Made by Mason Parrish
Discussion
This line graph documents the box office gross of every month for every year between 2017 and 2023. While the nuances are somewhat difficult to make out, especially during 2020 (April had a measly $88,000 gross, but looks on par with May's roughly $1 million gross), the trends are still fairly clear - the pandemic led to a drastically lowered box office in 2020, and it didn't begin to rebound until May of 2021. However, ever since, grosses have largely been somewhat diminished compared to prior years, with the January-March period arguably being impacted the most; even January and February of 2020 saw higher grosses than what those months had in both 2022 and 2023. Additionally, the October-December period has also proven to be less lucrative following the pandemic, at least so far - 2021 actually surpassed both 2022 and 2023 in December, likely due to the success of Spider-Man: No Way Home.
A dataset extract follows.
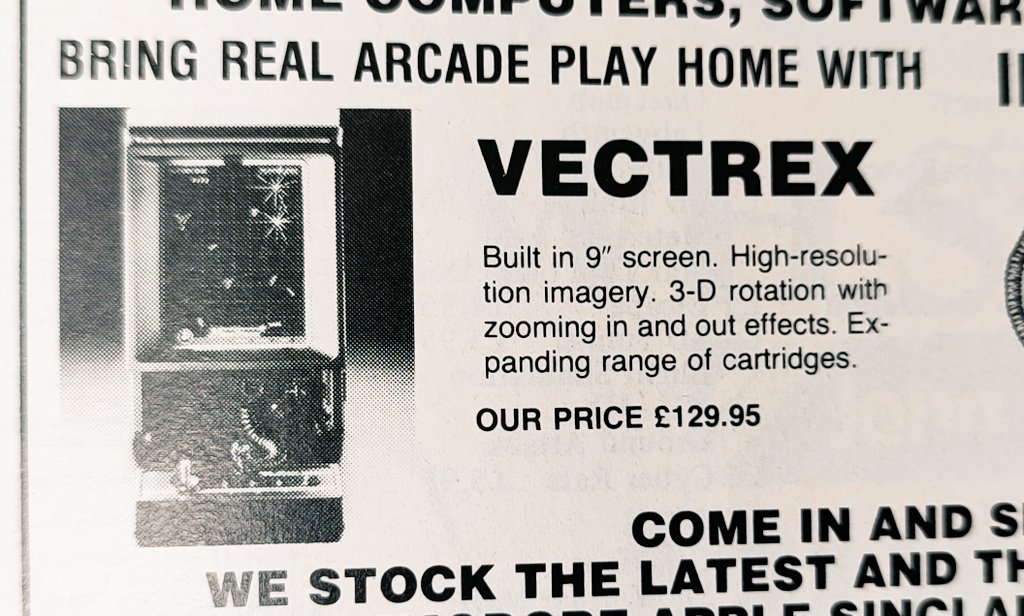 NEW IN: Brand new boxed Vectrex, just £129.95. Just need to go to 1983 to buy it #vectrex #RETROGAMING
Even still, the general trends are often similar, with a particularly noticeable trend being how every year except for 2020 sees a decline going into August and a further decline going into September. Particularly surprising, though, is that the highest point of the graph represents the monthly gross in July of 2023; while the graph demonstrates that July is always a reliably profitable month when external circumstances aren't inhibiting the box office, it peaking in a post-pandemic year indicates that audiences are still fully willing to go to theaters to watch movies, even in a world where streaming often dominates. However, July also benefited from the Barbenheimer phenomenon, with both Barbie and Oppenheimer going on to become some of the highest grossing films of the year. This may indicate that trends are poised to drive future significant box office success, though both films were also critically acclaimed compared to a slew of other releases in the year - thus, quality may be seen as what matters, especially when many films, particularly ones in the once-reliable superhero genre, have underperformed while also receiving lackluster reviews. (This was particularly pronounced in 2023, with only Guardians of the Galaxy Vol. 3 and Spider-Man: Across the Spider-Verse doing particularly well critically and commercially.) Either way, though, it does prove that movie theaters remain a viable avenue for releasing films, and that post-COVID, success can still be achieved on par with, or greater than, years prior to the pandemic.